Existing home sales rose 3.2% in May to 4.17 million units, according to NAR data, beating earlier estimates and reflecting improved demand since late March as tracked by the Housing Market Tracker. The increase marks a notable uptick after months of sluggish activity, driven by easing mortgage rates and pent-up buyer interest at the start of spring.

Regionally, the gains appear broad-based, though the Housing Market Tracker suggests demand improvements have been building since late March. Inventory reached 1.55 million units, offering buyers more options than earlier in the year, but supply remains tight historically. The median existing home price climbed 1.3% to $429,300, underscoring persistent affordability challenges despite the sales rebound.

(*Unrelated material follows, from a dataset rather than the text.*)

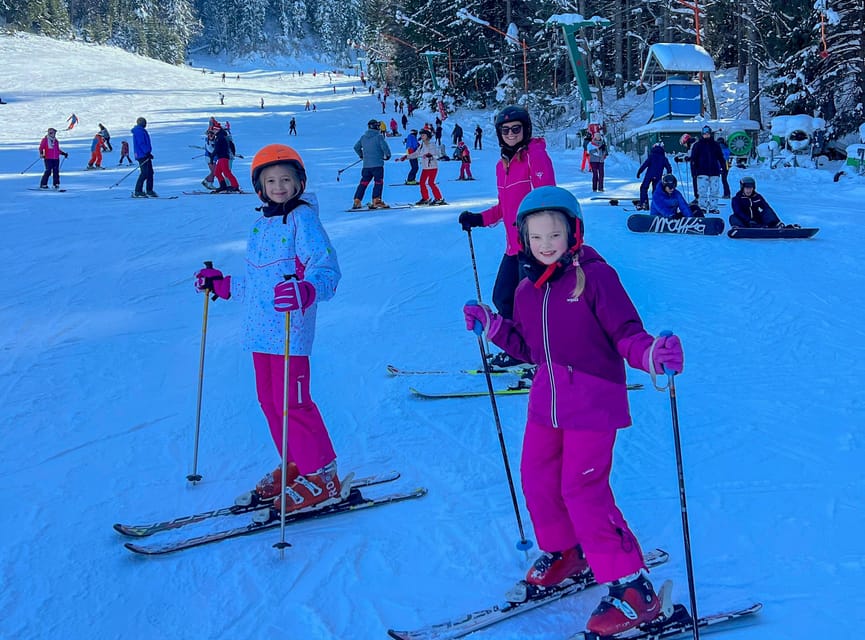 Brasov: Ski Lessons Day Trip For All Ages And Levels - The ski pass is another cost to plan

Mortgage rates have drifted lower from late 2023 peaks, nudging some sidelined buyers back into the market. However, with the median price rising to $429,300, monthly payments for a typical home remain elevated, stretching budgets even with rate improvements—borrowing costs still hover near 7% for a 30-year fixed loan, limiting purchasing power for many households.

For buyers, the inventory increase to 1.55 million units provides modest relief, though days on market remain compressed in competitive metros. Sellers are gaining leverage in some regions as demand picks up, but the inventory gain suggests a gradual shift toward more balanced negotiating conditions. The sales beat hints at resilience, yet the market remains far from pre-pandemic norms.

Economists caution that one month's data doesn't reverse the trend of tight supply and high prices holding back first-time buyers. NAR's chief economist noted sales are still below historical averages, and further rate cuts would be needed to sustain momentum into 2025. Policy moves on zoning or rate adjustments could reshape the outlook, but for now, the spring market shows cautious optimism.